Suzanna Moncayo, como Carmen, y Francois Soulet, en el personaje de Don José.

De todos modos, Carmen es Carmen, una ópera que se ajusta a nuestra sensibilidad y que tangencialmente tiene que ver con nuestra identidad, ya sea por lo de la famosa habanera, género indiano que en los barcos salió para multiplicarse en España y que sedujo a Bizet.

Es difícil sustraerse al influjo melódico de las arias y a la riqueza colorística de la instrumentación de esta pieza paradigmática del arte lírico francés. Aparentemente todo fluye con naturalidad en el desenvolvimiento estructural de la obra, y sin embargo Carmen presenta difíciles exigencias. Jean Paul Penin, el director, trasmitió con fidelidad la atmósfera de la ópera, sus momentos de tensión y vivacidad, sus notas exóticas y su sustrato dramático. Y si en términos de sonido no fue más allá se debió a la escasa pujanza de los elementos de la orquesta, a desequilibrios entre las calidades de las distintas cuerdas.

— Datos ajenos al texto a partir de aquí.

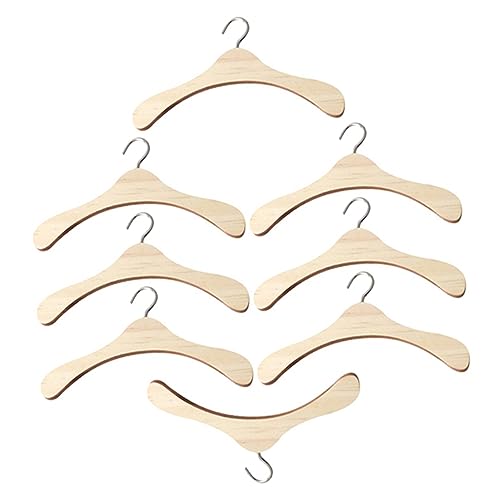 Hohopeti 8Stücke Puppen Kleiderbügel aus Kleine Kleiderbügel für Puppen für Puppenschränke und Puppenkleider Stabil und Langlebig Perfektes Hohopeti 8Stücke Puppen Kleiderbügel aus Kleine Kleiderbügel für Puppen für Puppenschränke und Puppenkleider Stabil und Langlebig Perfektes von Hohopeti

La Carmen de la argentina Suzanna Moncayo merecía que la puesta en escena se hubiera llevado a cabo, en tanto se le vieron enormes potencialidades histriónicas para la caracterización de la protagonista. La Moncayo es una mezzo de temple, sumamente musical, con dominio de las modulaciones. Hizo suya, sensual y grávida, la más famosa aria de su personaje, L'amour est un olseau rebelle.

Se puede gustar o no -aquí entra la vieja y, para mí, hasta cierto punto estéril polémica acerca de los tipos de voz adecuados para tal o cual personaje, todos por culpa de dogmas y estereotipos- de la concurrencia de Francois Soulet en el Don José, pero lo que sí quedó fuera de toda duda es una solvencia profesional, su sólida escuela.

Nuevamente el público cubano se entregó deslumbrado a Raphaelle Farman, esta vez Micaela: una soprano que clasifica entre lo mejor que se ha oído últimamente en los escenarios cubanos.

No igual fortuna corrieron los espectadores ante el Escamillo del barítono Jacques Perroni, de emisión demasiado concentrada y vuelo disminuido, aunque seguro y entonado.

Por la parte cubana, además del siempre disponible y eficaz bajo Nelson Ayoub y del barítono Waldo Díaz que haría muy bien en contar, a estas alturas de su carrera, con un tránsito más frecuente del género chico a la ópera, alegró escuchar a dos voces femeninas que ascienden vertiginosamente y pudieran dar mucho más de sí en la medida que se confronten escénicamente (cosa que, claro está, no depende de ellas, sino de las realidades objetivas del arte lírico nacional), Indra Sesti y Conchita Franqui.

El Coro del Gran Teatro de La Habana, al que sumó, añadiendo un toque de simpatía, la Cantoría Infantil del Centro Pro Arte Lírico, tendrá que esforzarse mucho más si quiere corresponder a la partitura de Bizet en futuras versiones: debe resolver primero el aprendizaje de la partitura por parte de todos sus elementos y luego meterse en la piel de un protagonismo que no es telón de fondo como en otras óperas. La probada calidad de sus voces, sobre todo de las más frescas, está en condiciones de cumplir la meta.